Wild Diamond Watersports Isle of Tiree surfschoolscotland.co.uk. Professional instruction and hire for surfing, windsurfing, kitesurfing and kayaking.Read More
Midges and ticks
Midges and ticks
Despite being only just over a millimetre long, and enjoying a life span on the wing of just a few weeks, the midge (genus: culicoides) – a tiny biting fly prevalent in the Highlands (mainly the west coast) and Islands – is considered to be second only to the weather as the major deterrent to tourism in Scotland. There are more than thirty varieties of midge, though only half of these bite humans. Ninety percent of all midge bites are down to the female Culicoides impunctatus or Highland midge (the male does not bite), which has two sets of jaws sporting twenty teeth each; she needs a good meal of blood in order to produce eggs.
These persistent creatures can be a nuisance, but some people also have a violent allergic reaction to midge bites. The easiest way to avoid midges is to visit in the winter, since they only appear between April and October. Midges also favour still, damp, overcast or shady conditions and are at their meanest around sunrise and sunset, when clouds of them can descend on an otherwise idyllic spot. Direct sunlight, heavy rain, noise and smoke discourage them to some degree, though wind is the most effective means of dispersing them. If they appear, cover up exposed skin and get your hands on some kind of repellent. Recommendations include Autan, Eureka, Jungle Formula (widely available from pharmacists) and the herbal remedy citronella. An alternative to repellents for protecting your face, especially if you’re walking or camping, is a midge net, a little like a beekeeper’s hat; though they appear ridiculous at first, you’re unlikely to care as long as they work. The latest deployment in the battle against the midge is a gas-powered machine called a “midge magnet” which sucks up the wee beasties and is supposed to be able to clear up to an acre; each unit costs £400 and upwards, but there’s been a healthy take-up by pubs with beer gardens and by campsite owners.

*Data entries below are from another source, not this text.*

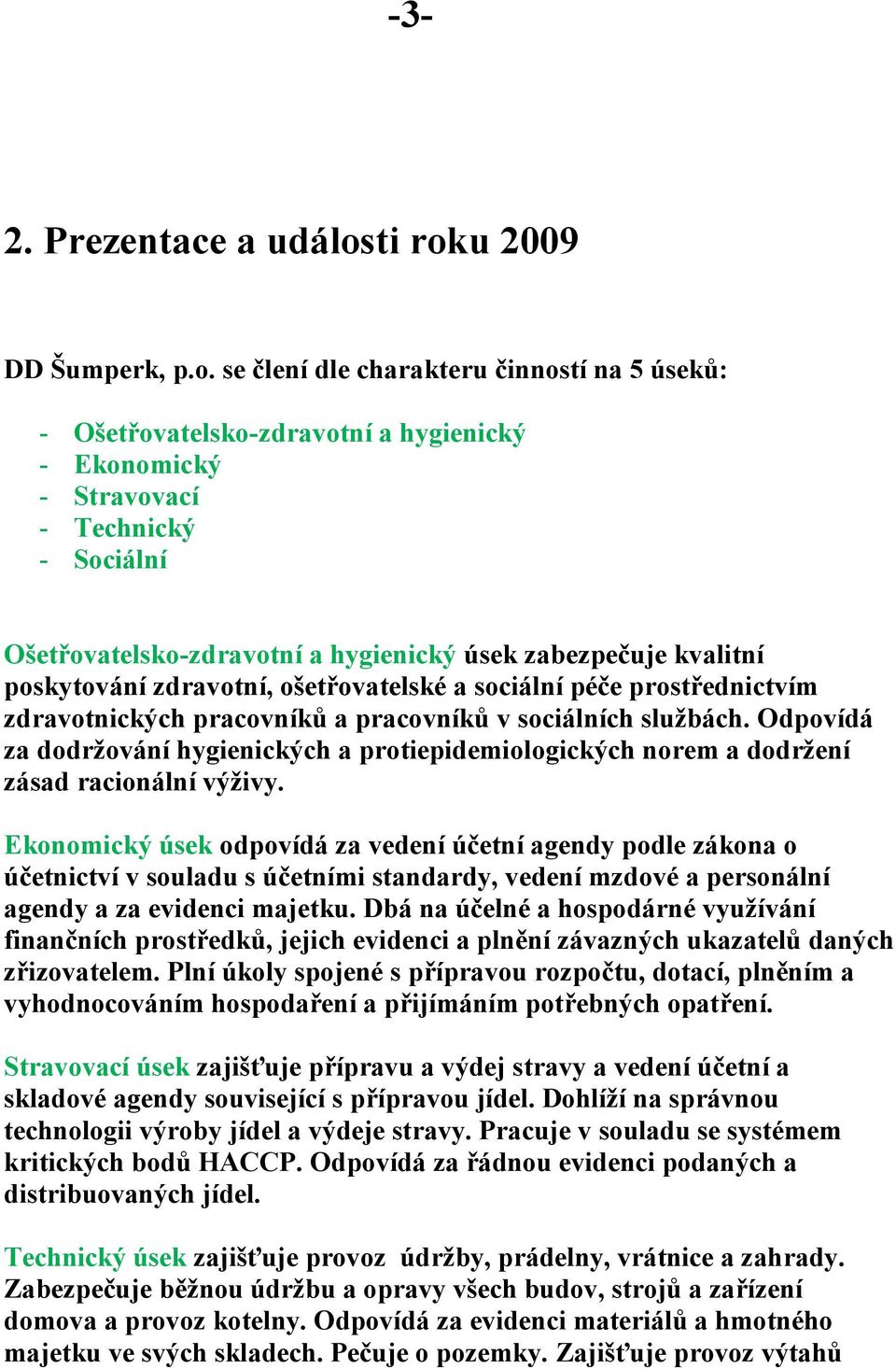 u 2009 DD Šumperk, p.o.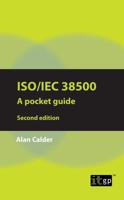 ISO/IEC 38500: A Pocket Guide, Second Edition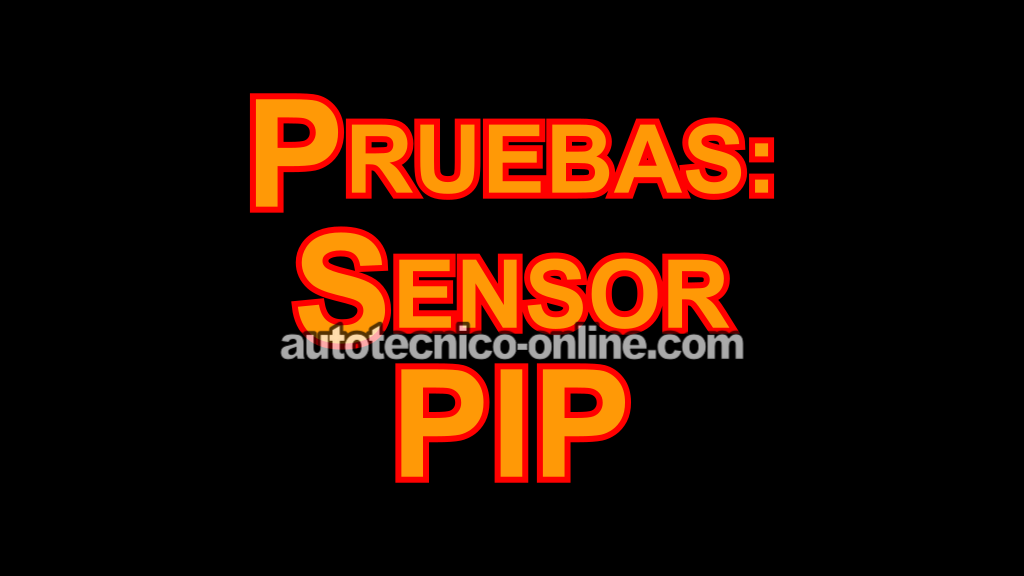 Cómo Probar El Sensor PIP (1990, 1991, 1992, 1993, 1994, 1995 3.0L V6 Ford Taurus, Mercury Sable)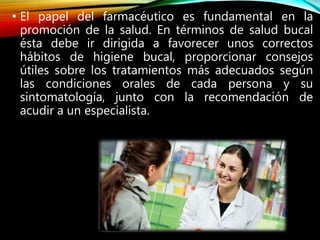 • El papel del farmacéutico es fundamental en la
promoción de la salud. En términos de salud bucal
ésta debe ir dirigida a favorecer unos correctos
hábitos de higiene bucal, proporcionar consejos
útiles sobre los tratamientos más adecuados según
las condiciones orales de cada persona y su
sintomatología, junto con la recomendación de
acudir a un especialista.
 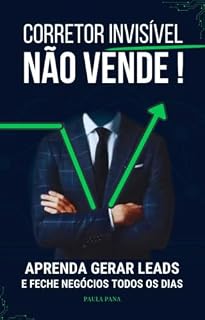 Livro Corretor Invisível não Vende: Aprenda Gerar Leads e Feche Negócios todos os Dias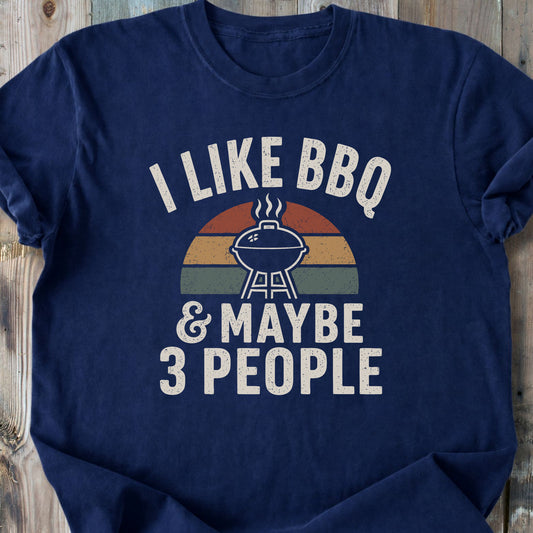I Like BBQ And Maybe 3 People - Premium Heavyweight Tee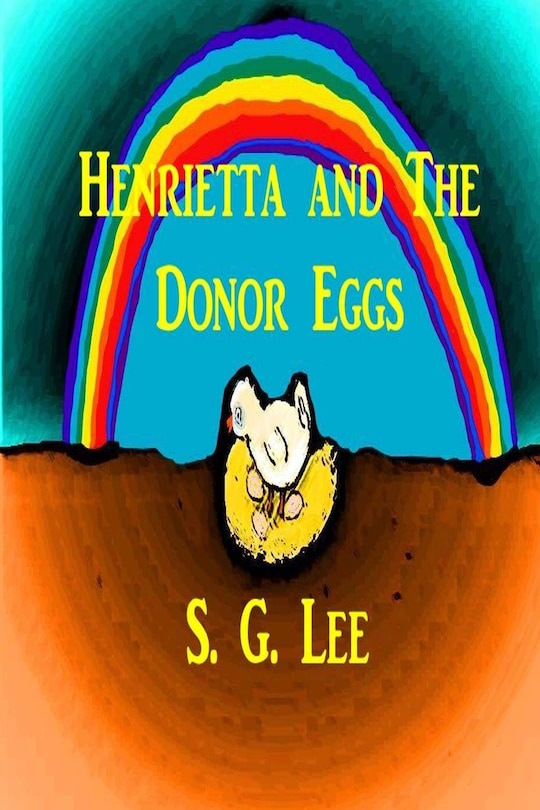 Front cover_Henrietta and the Donor Eggs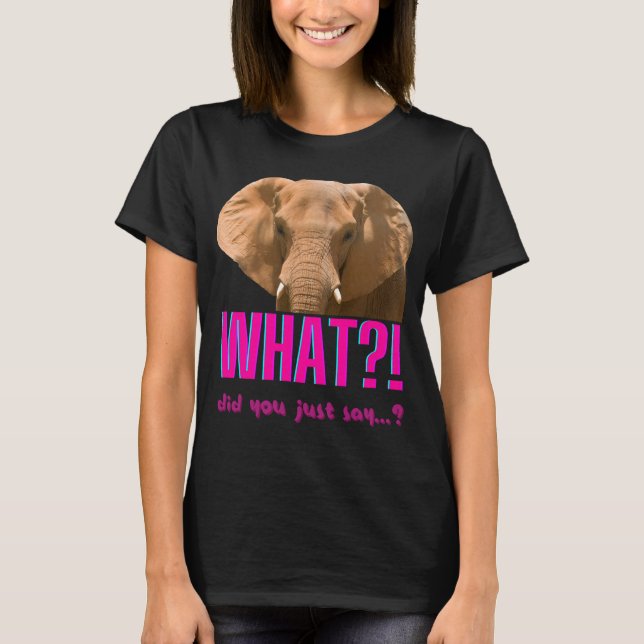 Elephant What Did You Just Say? T-Shirt (Front)
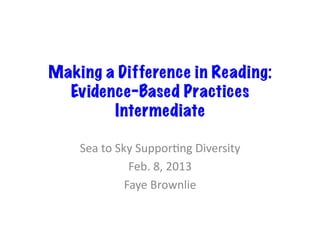 Making a Difference in Reading:
  Evidence-Based Practices
        Intermediate

    Sea	
  to	
  Sky	
  Suppor,ng	
  Diversity	
  
                    Feb.	
  8,	
  2013	
  
                   Faye	
  Brownlie	
  
 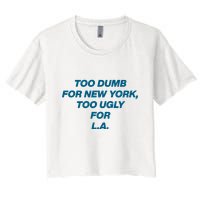 Too Dumb For New York Too Ugly For LA Crop Top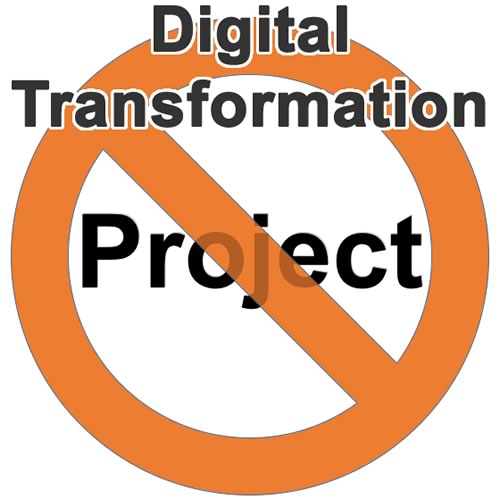 Digital Transformation is not a project!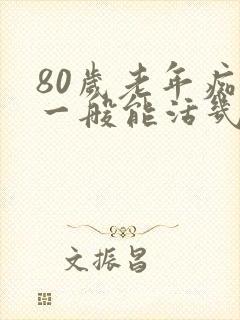 80岁老年痴呆一般能活几年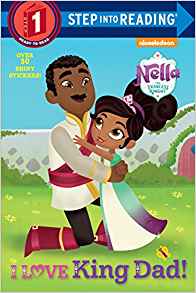 I Love King Dad! (Nella the Princess K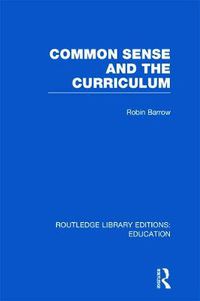 Cover image for Common Sense and the Curriculum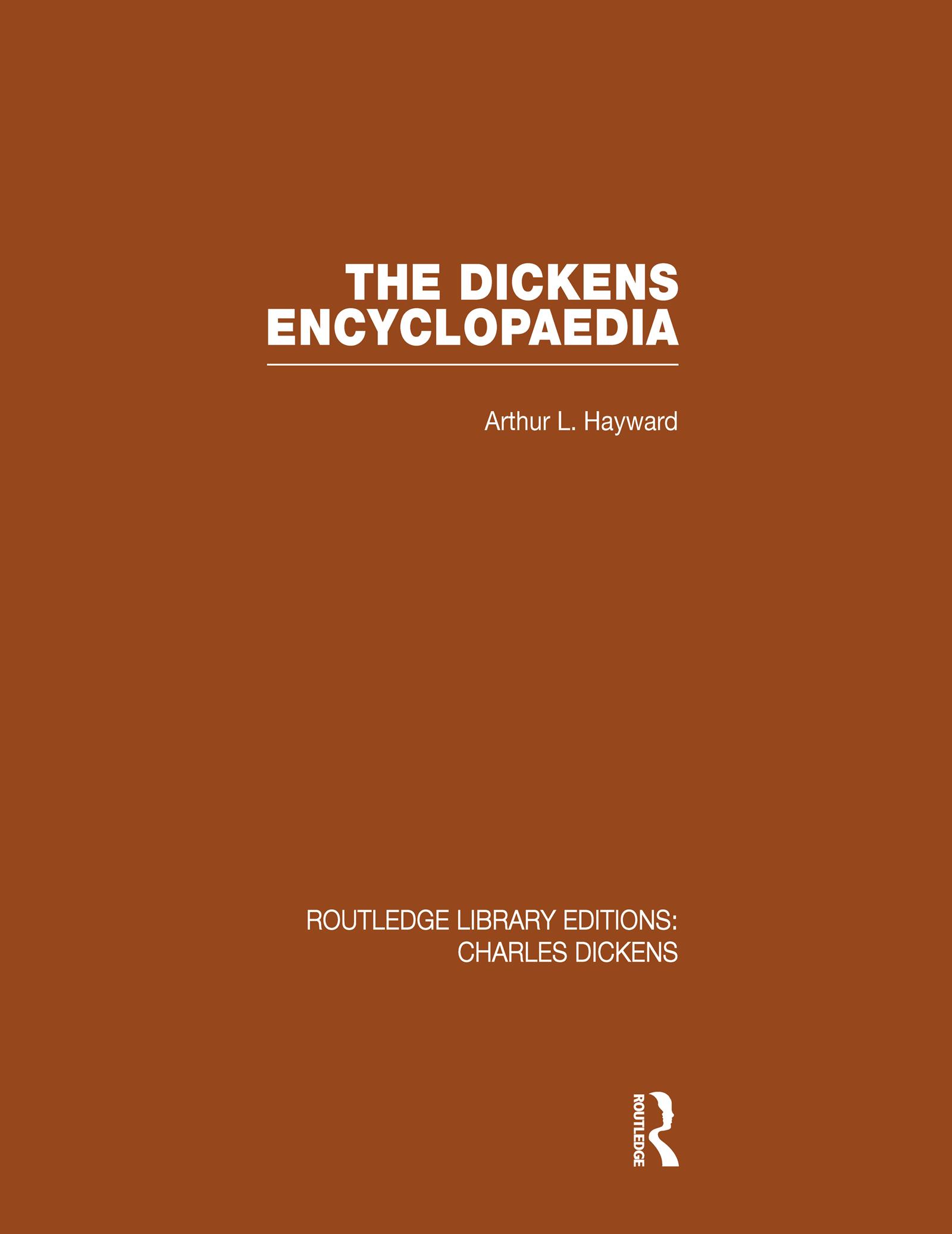 The Dickens Encyclopaedia (RLE Dickens)
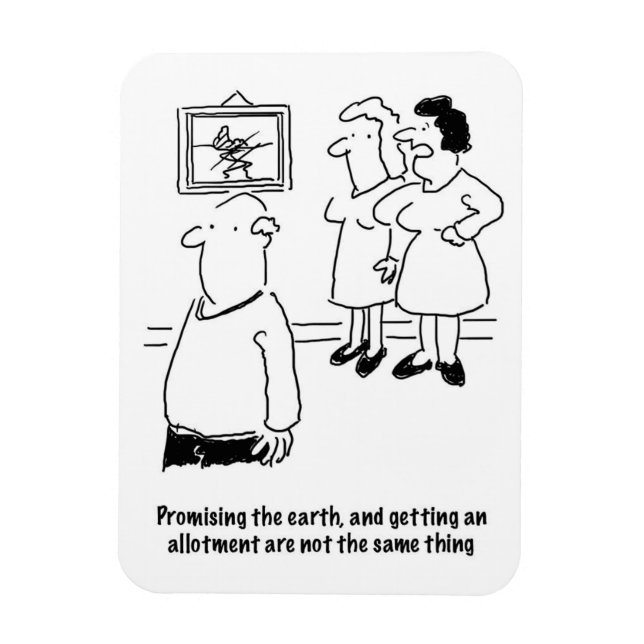 Die Erde versprechen - eine Zuteilung bekommen Magnet (Vertikal)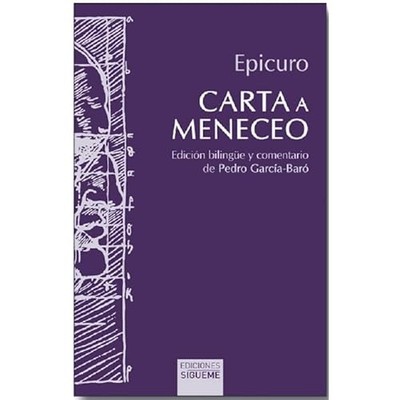 Carta a Meneceo: Edici�n biling�e y comentario de Pedro - Spanish Language  NEW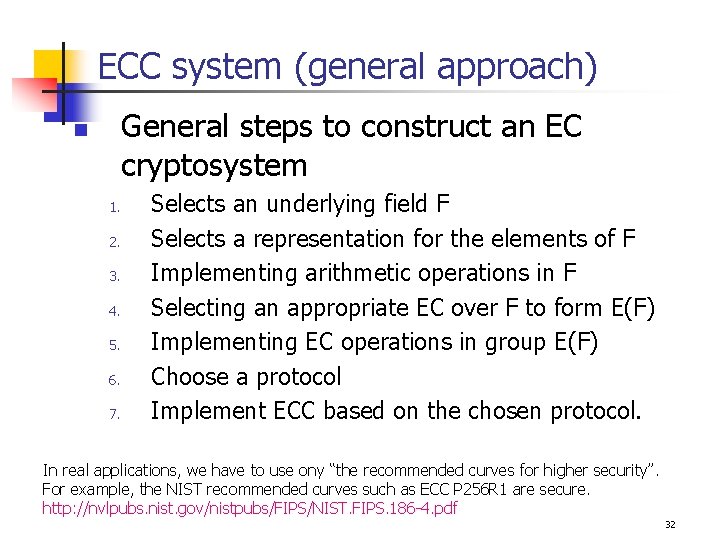 ECC system (general approach) General steps to construct an EC cryptosystem n 1. 2.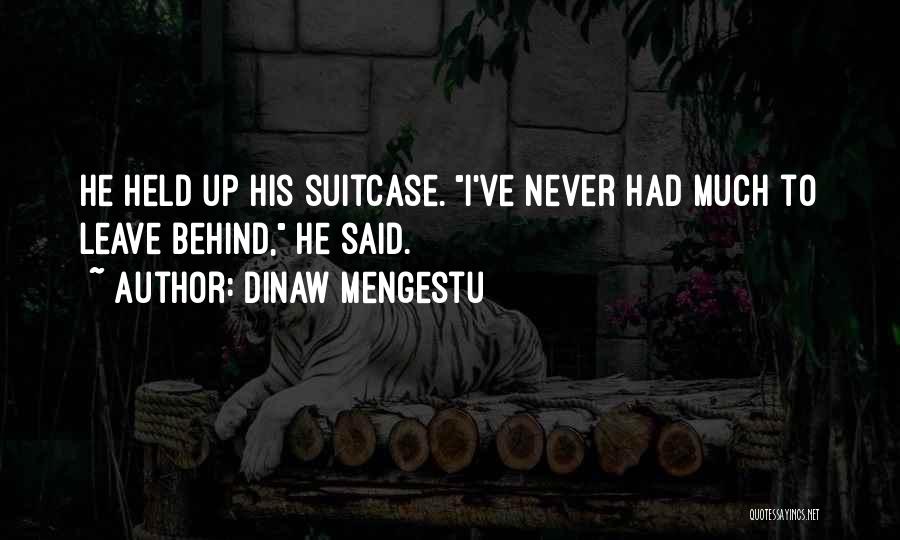 Dinaw Mengestu Quotes: He Held Up His Suitcase. I've Never Had Much To Leave Behind, He Said.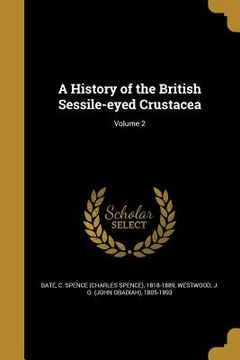 portada A History of the British Sessile-eyed Crustacea; Volume 2 (en Inglés)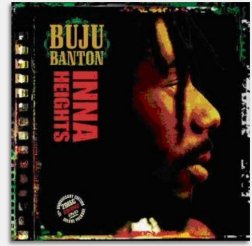 Buju Banton - Inna Heights 10th anniversary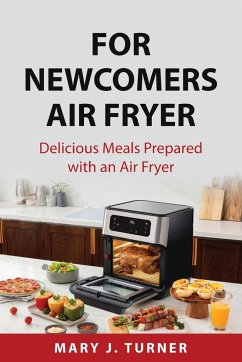 For Newcomers Air Fryer - Mary J. Turner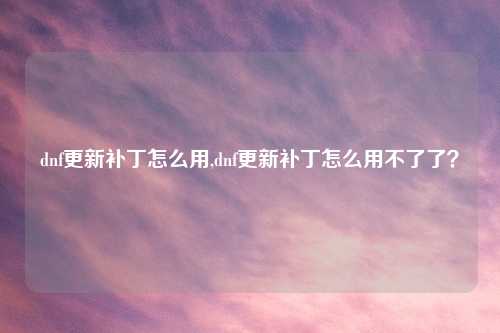 dnf更新补丁怎么用,dnf更新补丁怎么用不了了？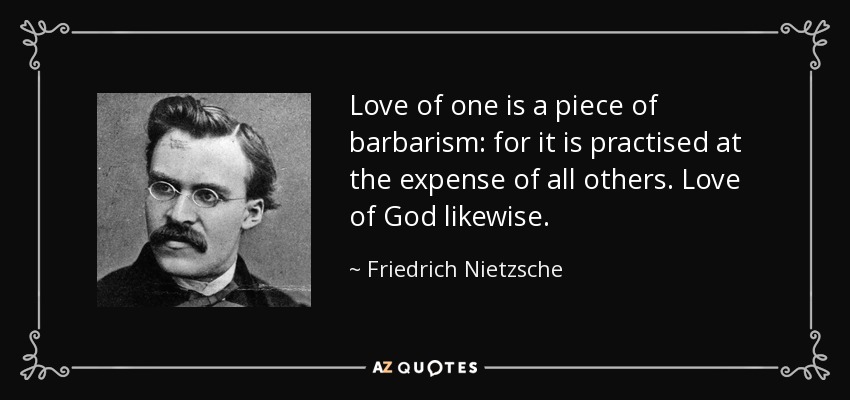Love of one is a piece of barbarism: for it is practised at the expense of all others. Love of God likewise. - Friedrich Nietzsche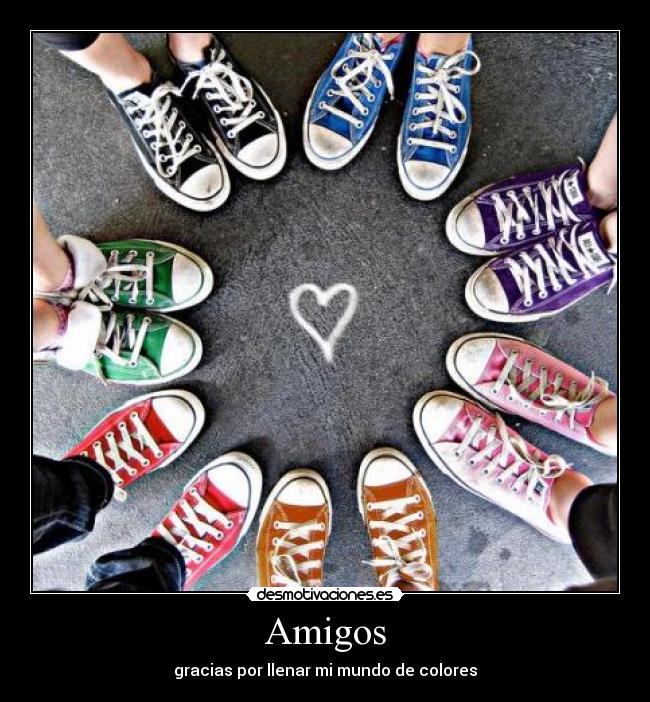 Amigos - gracias por llenar mi mundo de colores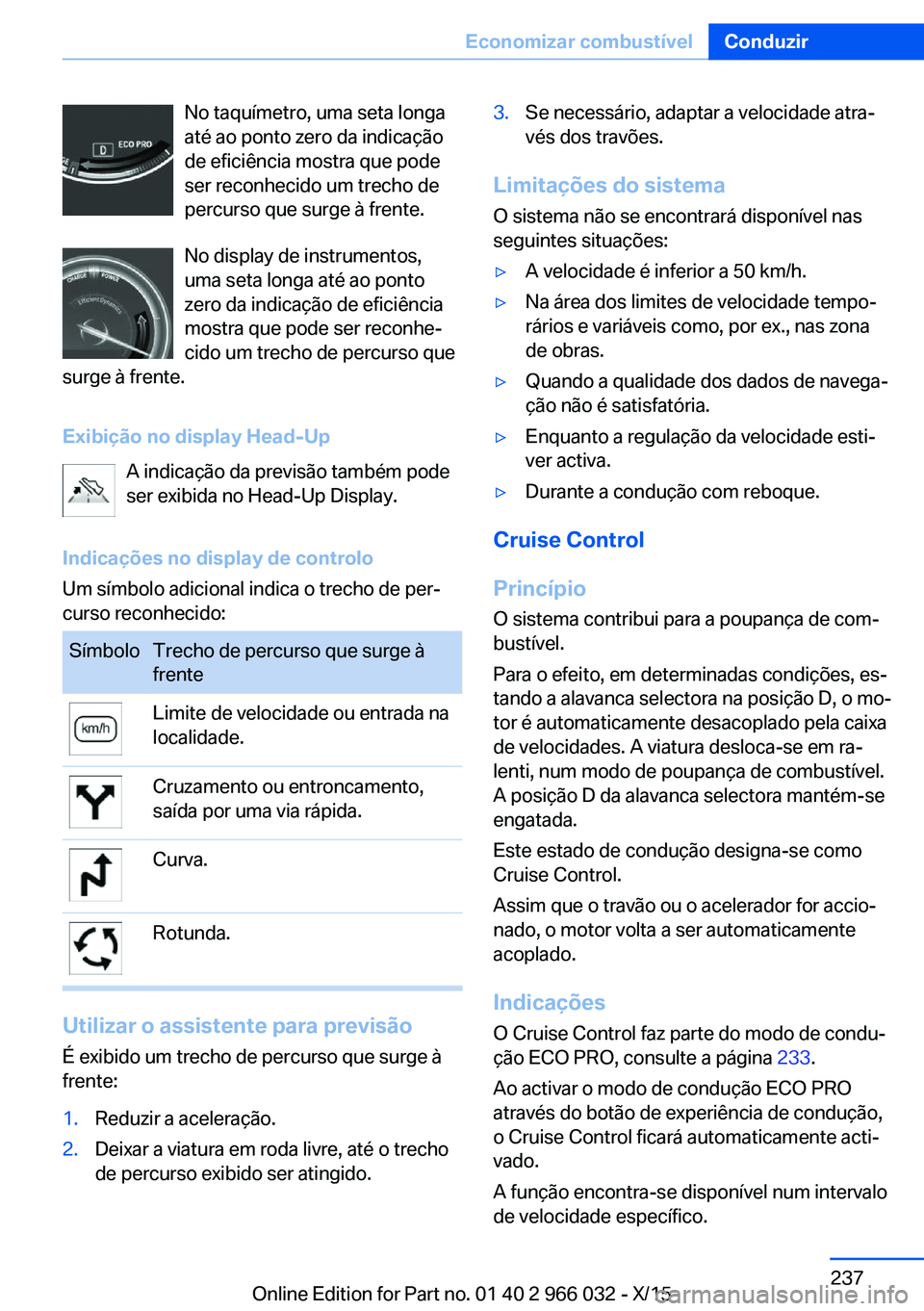 BMW X6 2016  Manual do condutor (in Portuguese) No taquímetro, uma seta longa
até ao ponto zero da indicação
de eficiência mostra que pode
ser reconhecido um trecho de
percurso que surge à frente.
No display de instrumentos, uma seta longa at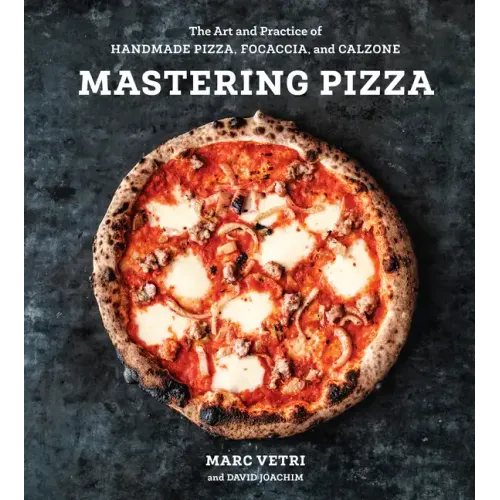Mastering Pizza: The Art and Practice of Handmade Pizza, Focaccia, and Calzone [A Cookbook]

If you’re walking through long grass or bracken, there’s a possibility that you may receive attention from ticks, tiny parasites no bigger than a pin head, which bury themselves into your skin. Removing ticks by dabbing them with alcohol, butter or oil is now discouraged; the medically favoured way of extracting them is to pull them out carefully with small tweezers. There is a very slight risk of catching some nasty diseases, such as encephalitis, from ticks. If flu-like symptoms persist after a tick bite, you should see a doctor immediately.
Staying safe in the hills
Staying safe in the hills
Due to rapid weather changes, the mountains are potentially extremely dangerous and should be treated with respect. Every year, in every season, climbers and walkers lose their lives in the Scottish hills.
• Wear sturdy, ankle-supporting footwear and wear or carry with you warm, brightly coloured and waterproof layered clothing, even for what appears to be an easy expedi-tion in apparently settled weather.
• Always carry adequate maps, a compass (which you should know how to use), food, water and a whistle. If it’s sunny, make sure you use sun protection.
• Check the weather forecast before you go. If the weather looks as if it’s closing in, get down from the mountain fast.
• Always leave word with someone of your route and what time you expect to return, and remember to contact the person again to let them know that you are back.
• In an emergency, call mountain rescue on T999.